17節を読むと、ステファナ、フォルトナト、アカイコといった人々が、コリント教会からエフェソにいるパウロを訪ねてきたことがわかります。彼らが、コリント教会のいろいろな様子を伝え、またいくつかの質問を持ってきたのでしょう。パウロは彼らの訪問を心から喜んでいます。しかもそれを、自分個人の喜びや慰めとして受け取るのではなく、18節にあるように、「わたしとあなたがたとを元気づけてくれた」という事柄として捉えています。つまりこの訪問によって、パウロとコリント教会の人々の、信仰における交わりが深められ、それによって双方が元気づけられるのです。彼らの訪問によって与えられた喜びをこのようにコリント教会と分かち合おうとするパウロの思いは、コリント教会への愛に満ちているのです。

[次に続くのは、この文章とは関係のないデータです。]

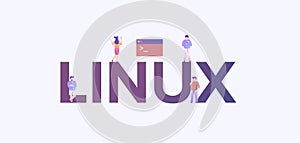 Linux operating system. Platform software with administration technology internet development.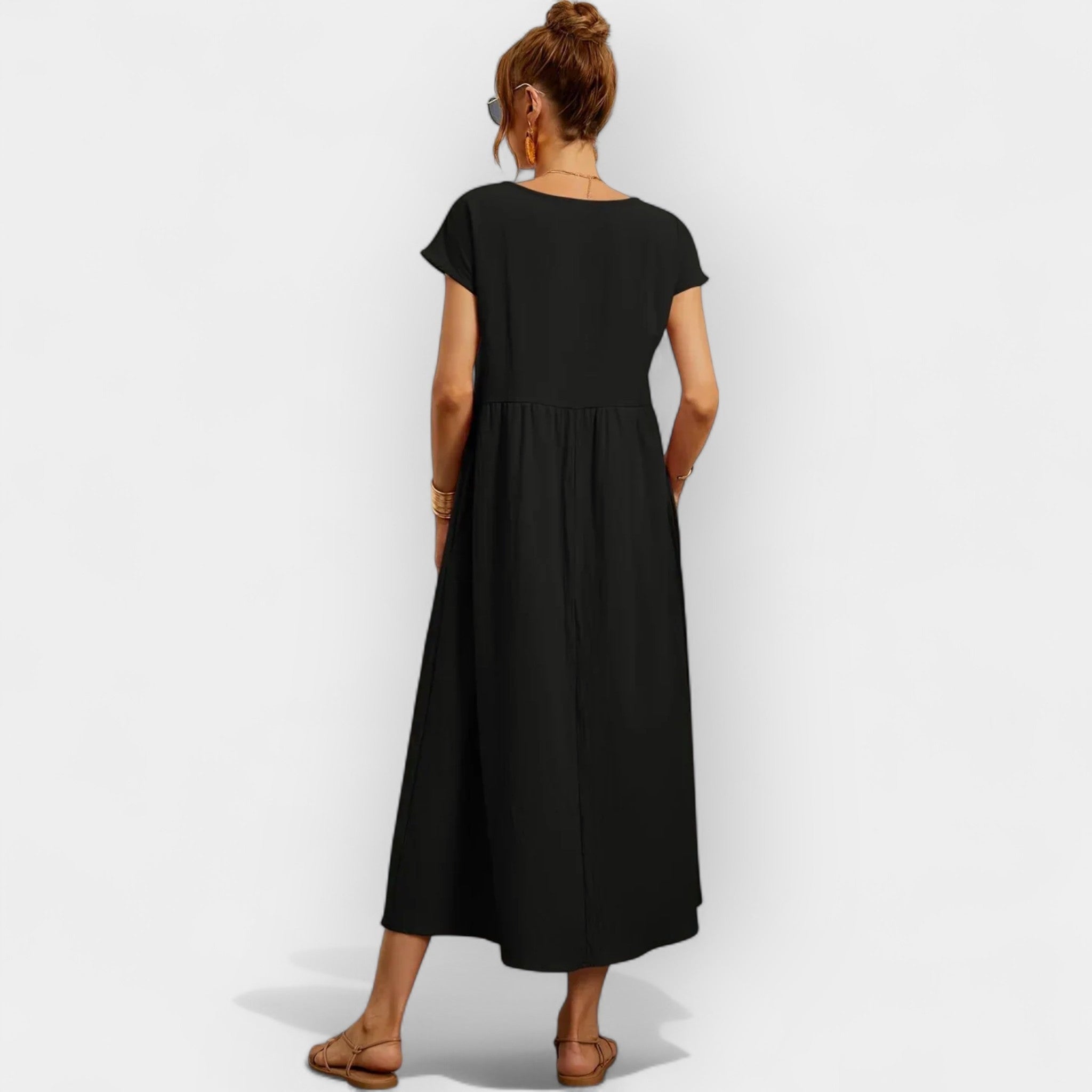 Midiklänning för dam med korta ärmar och sidofickor-Midi Dress-Fjallbarn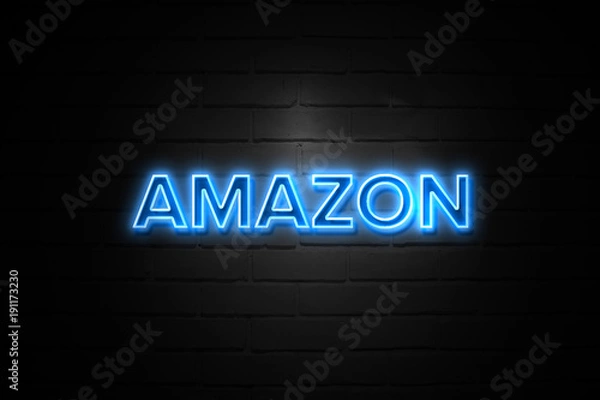 Obraz Amazon neon Sign on brickwall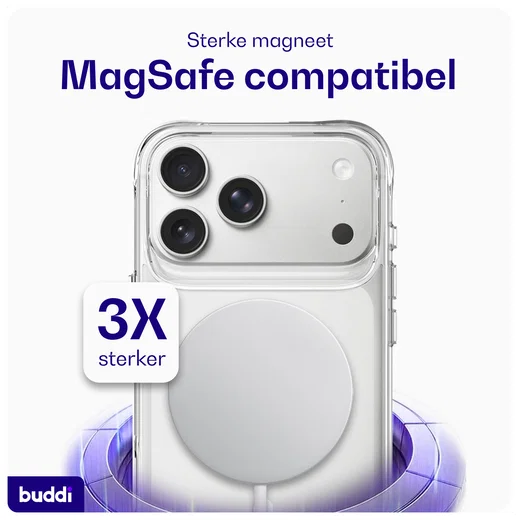 Buddi Core Apple iPhone 17 Pro Hoesje MagSafe Back Cover Matte Clear afbeelding 4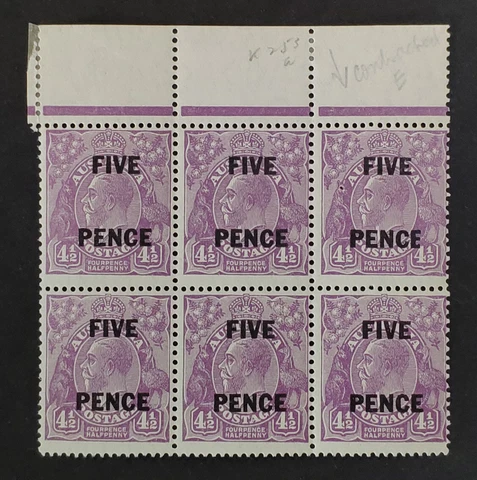 AUSTRALIA. GV ERROR! 1930 5d on 4 1/2d Violet block of 6 stamps. Unmounted mint Cover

そしてこのパウロとコリント教会の交わりは、彼が今いるアジア州の諸教会とコリント教会との交わりへと広げられていきます。19、20節は、アジア州の諸教会からコリント教会への挨拶です。「よろしく」と訳されている言葉は「挨拶する」という意味です。挨拶は交わりの印です。パウロは、アジア州の諸教会とコリント教会の間に、海を越えて、主イエス・キリストによる一致と交わりを打ち立てようとしているのです。主イエス・キリストを信じる教会に連なっている私たちは、そのことによって、世界中の、共に主イエスを信じ、主に従っていく人々、教会との交わりの中に置かれるのです。しかしそのように海を越えて広がっていく私たちの交わりの土台は、共に礼拝を守る群れにおける交わりにあります。20節後半の、「あなたがたも、聖なる口づけによって互いに挨拶を交わしなさい」という勧めはそのことを教えています。パウロのこのような手紙は、送られた先の教会の礼拝において、説教のように朗読されたものと思われます。そのことを意識しつつ彼はこれを書いているのです。礼拝の中で、共に礼拝している者たちが、互いに挨拶を交わす、礼拝の歴史を学んでみますと、そういうことが実際に礼拝の順序の中に組み込まれていったことがわかります。それを生かそうとしている教会は今もあります。数年前私はイギリスの教会の見学に行く機会を得ましたが、有名なウエストミンスター・アベイの日曜礼拝に出たところ、その中で、隣に座った人どうしが握手をし合うというプログラムがありました。それは、パウロがここで言っていることを生かそうとしているのです。礼拝の中でそういう挨拶が行われることは、共に主イエス・キリストを礼拝することの中にこそ、私たちの一致と交わりの真実の土台がある、ということを表しています。礼拝は隣の人と関係なく守り、礼拝が終ったらさて交わりの時を、というようなものではないのです。このように、主イエス・キリストを礼拝することにこそ信仰者の交わりの土台があるからこそ、その交わりは海の向こうの見ず知らずの諸教会にまで広げられていくことができるのです。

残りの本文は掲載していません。